This invention relates to window frames which incorporate an integral nailing fin and includes such window frames that also incorporate an integral J-channel to overlap the ends or edges of siding applied around the window opening.
More particularly, the invention is directed to providing a significant saving in the material required to form such window frames and to facilitating their fabrication.
Conventional window frames with integral nailing fins including those with integral J-channels are formed as longitudinal vinyl extrusions having a desired cross sectional profile and a length equal to the length presently deemed required so that it can be cut into four sections for assembly into the window frame to fit into the window opening with the nailing fin circumscribing the window opening.
To provide the required four sections, the profile is cut at angles inclined at forty-five degrees (45°) to its length from the inner edge of the body portion of the profile out to the outer edge of the nailing fin so that each section comprises a bi-laterally symmetrical trapezoid. These sections are then welded together to provide a rectangular frame having right angled corners including the corners of the nailing fin.
Thus with the present fabricating procedure where the window frame is to provide a square frame opening of 10 inches and the nailing fin is to be 1½ inches wide, the length of the profile required is four times the 10 inches plus eight times the width of the nailing fin or 40 inches plus 12 inches giving a total of 52 inches.
The welding of the abutting 45 degree edges of the abutting frame sections to include the abutting edges of the nailing fins is difficult, particularly as the nailing fins have a degree of flexibility which increases out to the outer edges.
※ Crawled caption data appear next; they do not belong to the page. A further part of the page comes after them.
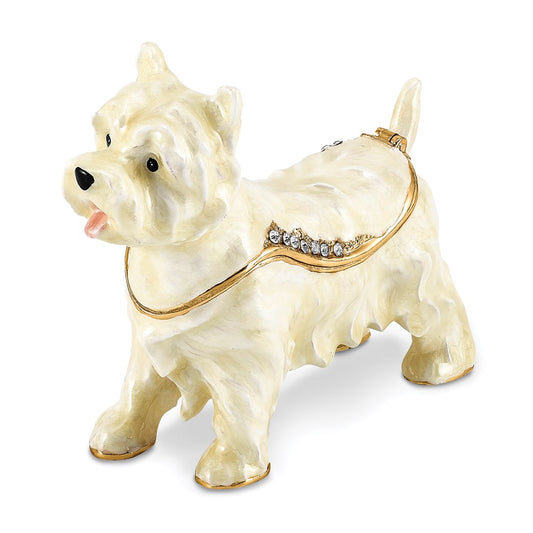 Jere Luxury Giftware, Bejeweled WESTIE West Highland White Terrier Trinket Box with Matching Pendant Trinket Box & Keepsake Container Collectible Gift by Jere Luxury Giftware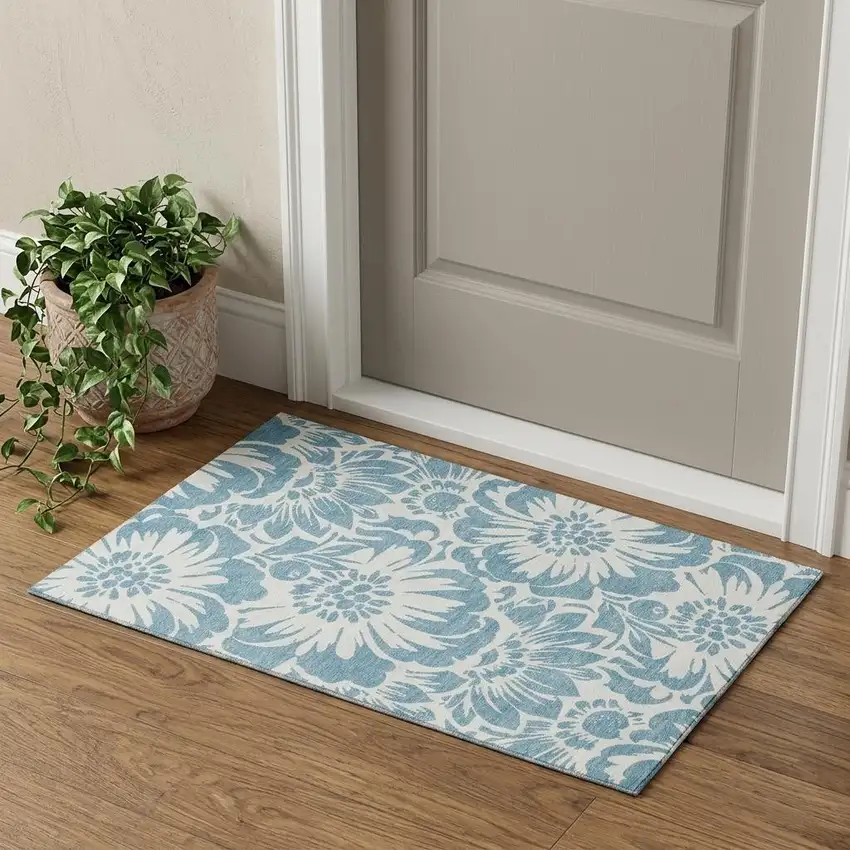 Denim Blue And Ivory Floral Washable Area Rug With UV Protection Photo 1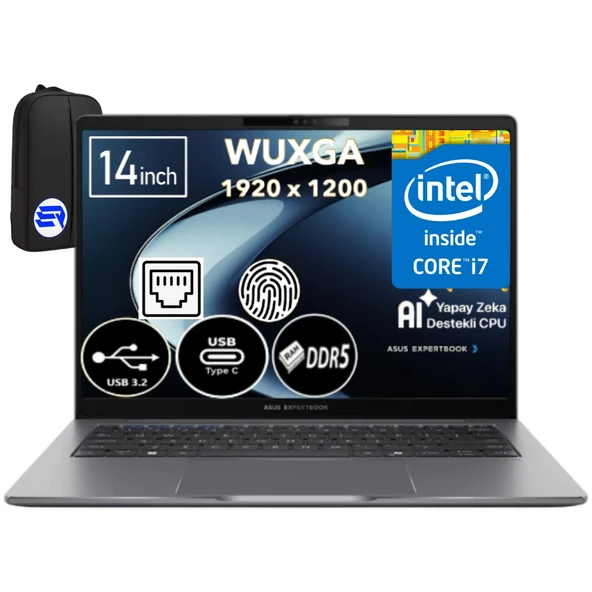 Asus Expertbook P3405CVA-I7161TBG1DEP2 I7-13620H 32GB Ram 1tb SSD 14" Wuxga WIN11 Pro + Elektropasaj Çanta ürün görseli 1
Thus, it is difficult to obtain a proper or complete weld out to the very comers of the nailing fins.
Moreover, these welded sharp right angled comers of the projecting flexible nailing fins of the frame are easily damaged in handling.
The present invention resides in cutting the longitudinal window frame profile in a manner to significantly reduce the length of profile material required to form the window frame for a given size of window and window opening.
It will be under stood that as the complexity of the cross sectional configuration of the window frame increases the greater is the saving of material by the ability to reduce the length of profile for a given window size.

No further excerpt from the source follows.